When you see `NaN` this means that the value here is **Not a Number** and this is the pythonic notation to display that. For this example, when we see NaN that means that this unit is missing over 70% of its data for the week. This most likely means that the sensor for the unit needs to be replaced. 

Having these -100, -100.0 and NaN can mess with the interpretation of our anaylsis, so we want to clean the data to remove the corresponding observations. 

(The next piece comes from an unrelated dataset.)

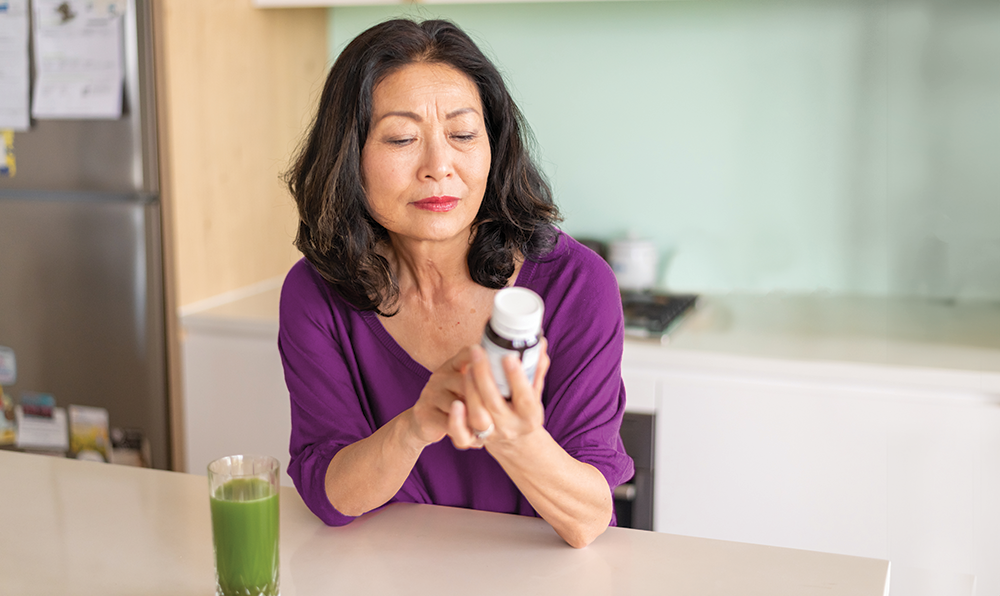 Assessing the role of supplements in diabetes management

To do this we will use `dropna()` to remove the rows that have NaN. To get a better understanding of how `dropna()` works we can look at the documentation for it: [pandas dropna docs](https://pandas.pydata.org/pandas-docs/stable/reference/api/pandas.DataFrame.dropna.html)
+ Look at the documentation to see what the axis needs to be in order to remove rows vs. columns

In [None]:
# Remove NaN rows from the table
temp_no_null_rows = temp_price.dropna(axis=0)

In [None]:
# Print data with no NaN rows
temp_no_null_rows

**What do you notice?**
+ Do you see any NaN or -100 values in the dataset?
+ Do we still have the same number of indicies? 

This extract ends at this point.